**STORED DATA**
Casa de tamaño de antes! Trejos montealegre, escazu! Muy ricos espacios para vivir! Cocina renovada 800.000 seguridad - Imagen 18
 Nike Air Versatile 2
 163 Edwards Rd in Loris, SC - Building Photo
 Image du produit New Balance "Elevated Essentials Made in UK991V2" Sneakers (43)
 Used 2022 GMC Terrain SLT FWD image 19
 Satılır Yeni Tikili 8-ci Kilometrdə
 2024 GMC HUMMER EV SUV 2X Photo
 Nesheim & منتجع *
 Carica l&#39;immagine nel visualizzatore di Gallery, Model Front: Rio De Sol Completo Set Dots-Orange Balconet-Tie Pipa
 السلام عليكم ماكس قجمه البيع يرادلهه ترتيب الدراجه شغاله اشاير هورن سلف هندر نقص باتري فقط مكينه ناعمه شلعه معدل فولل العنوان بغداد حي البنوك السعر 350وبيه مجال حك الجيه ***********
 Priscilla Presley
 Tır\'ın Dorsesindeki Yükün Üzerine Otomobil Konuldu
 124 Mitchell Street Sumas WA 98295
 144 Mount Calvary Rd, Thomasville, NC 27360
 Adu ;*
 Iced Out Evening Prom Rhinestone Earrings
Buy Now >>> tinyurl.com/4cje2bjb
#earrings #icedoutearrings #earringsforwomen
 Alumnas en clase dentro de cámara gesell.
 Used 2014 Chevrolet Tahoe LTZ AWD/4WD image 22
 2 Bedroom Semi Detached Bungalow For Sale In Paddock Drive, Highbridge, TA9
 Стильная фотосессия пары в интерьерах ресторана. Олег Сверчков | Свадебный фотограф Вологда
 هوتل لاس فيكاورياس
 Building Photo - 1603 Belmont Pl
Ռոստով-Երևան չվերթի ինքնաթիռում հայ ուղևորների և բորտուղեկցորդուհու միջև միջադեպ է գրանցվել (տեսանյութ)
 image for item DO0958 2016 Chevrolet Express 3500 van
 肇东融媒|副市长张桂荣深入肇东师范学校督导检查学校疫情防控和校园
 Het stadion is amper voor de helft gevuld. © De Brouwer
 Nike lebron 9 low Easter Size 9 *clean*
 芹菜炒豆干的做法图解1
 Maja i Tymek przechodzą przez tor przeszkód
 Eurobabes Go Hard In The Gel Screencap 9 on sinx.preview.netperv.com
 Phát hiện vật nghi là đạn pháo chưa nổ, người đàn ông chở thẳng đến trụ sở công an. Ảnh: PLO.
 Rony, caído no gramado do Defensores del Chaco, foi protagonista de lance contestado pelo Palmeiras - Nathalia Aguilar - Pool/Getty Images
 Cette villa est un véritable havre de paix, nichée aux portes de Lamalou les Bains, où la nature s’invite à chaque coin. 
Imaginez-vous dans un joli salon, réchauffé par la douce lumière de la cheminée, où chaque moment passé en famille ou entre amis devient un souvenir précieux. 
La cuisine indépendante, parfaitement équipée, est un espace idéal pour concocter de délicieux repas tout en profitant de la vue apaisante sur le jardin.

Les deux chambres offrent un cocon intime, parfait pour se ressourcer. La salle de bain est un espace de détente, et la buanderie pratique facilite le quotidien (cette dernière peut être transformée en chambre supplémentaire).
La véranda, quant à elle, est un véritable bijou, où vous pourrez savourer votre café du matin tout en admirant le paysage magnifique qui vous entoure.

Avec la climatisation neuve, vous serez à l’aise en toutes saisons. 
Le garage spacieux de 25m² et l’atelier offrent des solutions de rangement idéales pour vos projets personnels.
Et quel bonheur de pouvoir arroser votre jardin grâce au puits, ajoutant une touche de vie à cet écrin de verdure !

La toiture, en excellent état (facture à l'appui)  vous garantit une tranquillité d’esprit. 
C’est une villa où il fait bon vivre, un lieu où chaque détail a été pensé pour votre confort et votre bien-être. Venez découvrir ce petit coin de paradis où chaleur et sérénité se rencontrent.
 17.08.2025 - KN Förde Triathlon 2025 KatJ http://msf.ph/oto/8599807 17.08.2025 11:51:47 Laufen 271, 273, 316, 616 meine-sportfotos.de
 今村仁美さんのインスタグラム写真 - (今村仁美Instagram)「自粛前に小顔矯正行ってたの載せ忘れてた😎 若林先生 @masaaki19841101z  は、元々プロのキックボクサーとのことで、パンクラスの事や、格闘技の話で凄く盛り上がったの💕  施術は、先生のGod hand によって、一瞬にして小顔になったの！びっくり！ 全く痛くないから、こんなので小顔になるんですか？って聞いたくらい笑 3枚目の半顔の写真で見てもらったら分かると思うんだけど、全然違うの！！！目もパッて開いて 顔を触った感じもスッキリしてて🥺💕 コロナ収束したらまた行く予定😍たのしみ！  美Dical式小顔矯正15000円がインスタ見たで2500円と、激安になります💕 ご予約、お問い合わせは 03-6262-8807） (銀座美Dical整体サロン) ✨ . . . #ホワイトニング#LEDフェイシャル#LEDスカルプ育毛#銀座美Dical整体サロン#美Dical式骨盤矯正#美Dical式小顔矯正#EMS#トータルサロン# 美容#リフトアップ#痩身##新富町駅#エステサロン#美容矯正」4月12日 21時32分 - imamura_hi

**PROBLEM DETAILS**
Copy every record exactly, leaving each line intact.

**SOLUTION TO THIS TASK**
Casa de tamaño de antes! Trejos montealegre, escazu! Muy ricos espacios para vivir! Cocina renovada 800.000 seguridad - Imagen 18
 Nike Air Versatile 2
 163 Edwards Rd in Loris, SC - Building Photo
 Image du produit New Balance "Elevated Essentials Made in UK991V2" Sneakers (43)
 Used 2022 GMC Terrain SLT FWD image 19
 Satılır Yeni Tikili 8-ci Kilometrdə
 2024 GMC HUMMER EV SUV 2X Photo
 Nesheim & منتجع *
 Carica l&#39;immagine nel visualizzatore di Gallery, Model Front: Rio De Sol Completo Set Dots-Orange Balconet-Tie Pipa
 السلام عليكم ماكس قجمه البيع يرادلهه ترتيب الدراجه شغاله اشاير هورن سلف هندر نقص باتري فقط مكينه ناعمه شلعه معدل فولل العنوان بغداد حي البنوك السعر 350وبيه مجال حك الجيه ***********
 Priscilla Presley
 Tır\'ın Dorsesindeki Yükün Üzerine Otomobil Konuldu
 124 Mitchell Street Sumas WA 98295
 144 Mount Calvary Rd, Thomasville, NC 27360
 Adu ;*
 Iced Out Evening Prom Rhinestone Earrings
Buy Now >>> tinyurl.com/4cje2bjb
#earrings #icedoutearrings #earringsforwomen
 Alumnas en clase dentro de cámara gesell.
 Used 2014 Chevrolet Tahoe LTZ AWD/4WD image 22
 2 Bedroom Semi Detached Bungalow For Sale In Paddock Drive, Highbridge, TA9
 Стильная фотосессия пары в интерьерах ресторана. Олег Сверчков | Свадебный фотограф Вологда
 هوتل لاس فيكاورياس
 Building Photo - 1603 Belmont Pl
Ռոստով-Երևան չվերթի ինքնաթիռում հայ ուղևորների և բորտուղեկցորդուհու միջև միջադեպ է գրանցվել (տեսանյութ)
 image for item DO0958 2016 Chevrolet Express 3500 van
 肇东融媒|副市长张桂荣深入肇东师范学校督导检查学校疫情防控和校园
 Het stadion is amper voor de helft gevuld. © De Brouwer
 Nike lebron 9 low Easter Size 9 *clean*
 芹菜炒豆干的做法图解1
 Maja i Tymek przechodzą przez tor przeszkód
 Eurobabes Go Hard In The Gel Screencap 9 on sinx.preview.netperv.com
 Phát hiện vật nghi là đạn pháo chưa nổ, người đàn ông chở thẳng đến trụ sở công an. Ảnh: PLO.
 Rony, caído no gramado do Defensores del Chaco, foi protagonista de lance contestado pelo Palmeiras - Nathalia Aguilar - Pool/Getty Images
 Cette villa est un véritable havre de paix, nichée aux portes de Lamalou les Bains, où la nature s’invite à chaque coin. 
Imaginez-vous dans un joli salon, réchauffé par la douce lumière de la cheminée, où chaque moment passé en famille ou entre amis devient un souvenir précieux. 
La cuisine indépendante, parfaitement équipée, est un espace idéal pour concocter de délicieux repas tout en profitant de la vue apaisante sur le jardin.

Les deux chambres offrent un cocon intime, parfait pour se ressourcer. La salle de bain est un espace de détente, et la buanderie pratique facilite le quotidien (cette dernière peut être transformée en chambre supplémentaire).
La véranda, quant à elle, est un véritable bijou, où vous pourrez savourer votre café du matin tout en admirant le paysage magnifique qui vous entoure.

Avec la climatisation neuve, vous serez à l’aise en toutes saisons. 
Le garage spacieux de 25m² et l’atelier offrent des solutions de rangement idéales pour vos projets personnels.
Et quel bonheur de pouvoir arroser votre jardin grâce au puits, ajoutant une touche de vie à cet écrin de verdure !

La toiture, en excellent état (facture à l'appui)  vous garantit une tranquillité d’esprit. 
C’est une villa où il fait bon vivre, un lieu où chaque détail a été pensé pour votre confort et votre bien-être. Venez découvrir ce petit coin de paradis où chaleur et sérénité se rencontrent.
 17.08.2025 - KN Förde Triathlon 2025 KatJ http://msf.ph/oto/8599807 17.08.2025 11:51:47 Laufen 271, 273, 316, 616 meine-sportfotos.de
 今村仁美さんのインスタグラム写真 - (今村仁美Instagram)「自粛前に小顔矯正行ってたの載せ忘れてた😎 若林先生 @masaaki19841101z  は、元々プロのキックボクサーとのことで、パンクラスの事や、格闘技の話で凄く盛り上がったの💕  施術は、先生のGod hand によって、一瞬にして小顔になったの！びっくり！ 全く痛くないから、こんなので小顔になるんですか？って聞いたくらい笑 3枚目の半顔の写真で見てもらったら分かると思うんだけど、全然違うの！！！目もパッて開いて 顔を触った感じもスッキリしてて🥺💕 コロナ収束したらまた行く予定😍たのしみ！  美Dical式小顔矯正15000円がインスタ見たで2500円と、激安になります💕 ご予約、お問い合わせは 03-6262-8807） (銀座美Dical整体サロン) ✨ . . . #ホワイトニング#LEDフェイシャル#LEDスカルプ育毛#銀座美Dical整体サロン#美Dical式骨盤矯正#美Dical式小顔矯正#EMS#トータルサロン# 美容#リフトアップ#痩身##新富町駅#エステサロン#美容矯正」4月12日 21時32分 - imamura_hi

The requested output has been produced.